Tokeniser 1 (Finds all Words):
+ Good representation of words (includes Unicode characters and is sensible to punctuation within words, ie. "don't")
- Deletes all punctuation (which might be important, ie. twitter communication heavily based tagging using '@' and hastags (#))
- Destroys Links
- Blind to Emojis

Tokeniser 2 (Split at Whitespace):
+ Overall good representation of words 
+ keeps punctuation
- ending punctuation is not being separated
+ keeps Links
+ recognises Emojis
- doesnt separate adjacent emojis 
- blind to several words written together (in slang), ie. idontgiveafuck

Tokeniser 3 (Twitter Tokeniser API, Overcomes issues of Tokeniser 2):
+ Ending punctuation is being separated
+ Separate adjacent Emojis 

### Improving Tokenizer

Improving on the Tweet Tokenizer:
* lowercasing 
* expanding contractions
* change links to a dummy value

## Final Tokenising

In [None]:
# define url regex pattern and replace pattern globally (compile for speedup)
url_pattern = re.compile(r"(?i)((?:https?://|www\d{0,3}[.]|[a-z0-9.-]+[.][a-z]{2,4}/)(?:[^\s()<>]+|(([^\s()<>]+|(([^\s()<>]+)))))+(?:(([^\s()<>]+|(([^\s()<>]+))))|[^\s`!()[]{};:'\".,<>?«»\“\”‘’]))")
dummy = " <=LINK=> "

def remove_links(tweet):
    return re.sub(url_pattern, dummy, tweet) 

In [None]:
# loading pre-trained contraction model
cont = Contractions(api_key="glove-twitter-100")

def expand(tweet):
    return list(cont.expand_texts([tweet]))[0]

In [None]:
tk = TweetTokenizer()

def clean(tweet):
    cleaned_tweet = expand(remove_links(tweet.lower()))
    return tk.tokenize(cleaned_tweet)

## Testing clean function

In [None]:
clean(ex_tweet)

In [None]:
if PREPROCESS_DATA == True:
    for dataset in DATASETS:
        # create preprocessed folder
        try: os.makedirs(f'../data/processed/{dataset}')
        except: None

        # preprocess and tokenize tweets
        for key in ['train_text', 'val_text', 'test_text']:
            with open(f'../data/processed/{dataset}/{key}.txt', 'w', encoding = 'UTF-8') as outfile:
                for tweet in DATA[dataset][key]:
                    outfile.write('\t'.join(clean(tweet)) + '\n') # writing tokenised tweet with tab delimiter

        # copy labels and mapping without preprocessing
        for key in ['train_labels', 'val_labels', 'test_labels', 'mapping']:
            shutil.copyfile(f'../data/raw/{dataset}/{key}.txt', f'../data/processed/{dataset}/{key}.txt')

In [None]:
# loading in preprocessed data 
for dataset in DATASETS: 
        for key in os.listdir(''):
            with open(f'../data/processed/{dataset}/{key}.txt', 'r', encoding = 'UTF-8') as infile:
                DATA['processed'][dataset][key]= [line.strip().split('\t') for line in infile]

In [None]:
# reading in processed data
for dataset in DATASETS:
    for _file in os.listdir(f'../data/processed/{dataset}'):
        with open(f'../data/processed/{dataset}/{_file}', 'r', encoding='UTF-8') as infile:
            DATA['processed'][dataset][_file[:-4]] = [line.strip().split('\t') for line in infile.readlines()]
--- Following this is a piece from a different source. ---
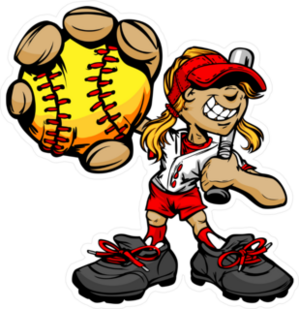 Fast Pitch Softball Girl Cartoon Player Sticker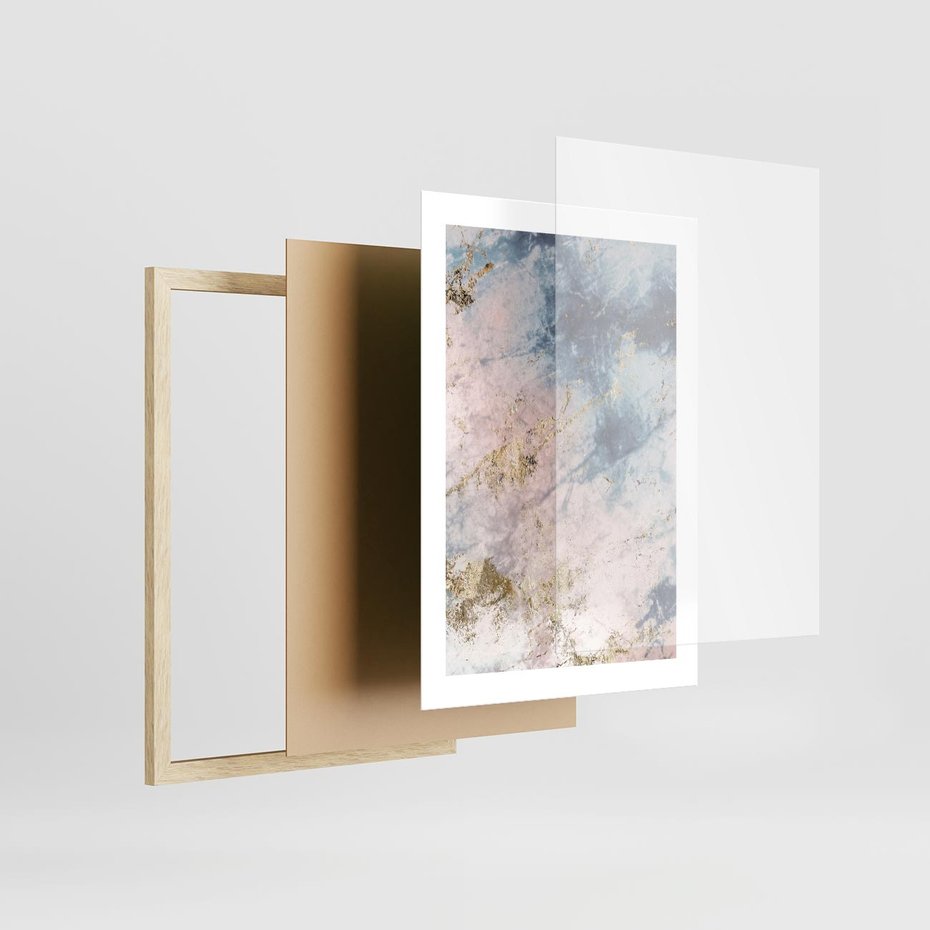 Plakat w ramie 30x40 - Luksusowa Dekoracja - marmur, złoto - rama drewno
    # convert target labels to integers
    for key in ['train_labels', 'val_labels', 'test_labels']:
        DATA['processed'][dataset][key] = [int(x) for x in [DATA['processed'][dataset][key][i][0] for i in range(len(DATA['processed'][dataset][key]))]]

    # convert mapping to dictionary
    DATA['processed'][dataset]['mapping'] = {int(string[0]): string[1] for string in DATA['processed'][dataset]['mapping']}

*TASK 1* 
# Descriptive Statistics about Natural Language Data
---

In [None]:
# build entire alphabet from training tweets
VOCABULARY = {}
for dataset in DATASETS:
    corpus = [token for tweet in DATA['processed'][dataset]['train_text'] for token in tweet]

    # initialise frequency counter
    VOCABULARY[dataset] = pd.DataFrame.from_dict(Counter(corpus), orient='index').rename(columns={'index': 'token', 0: 'frequency'}).sort_values(by='frequency', ascending=False).reset_index()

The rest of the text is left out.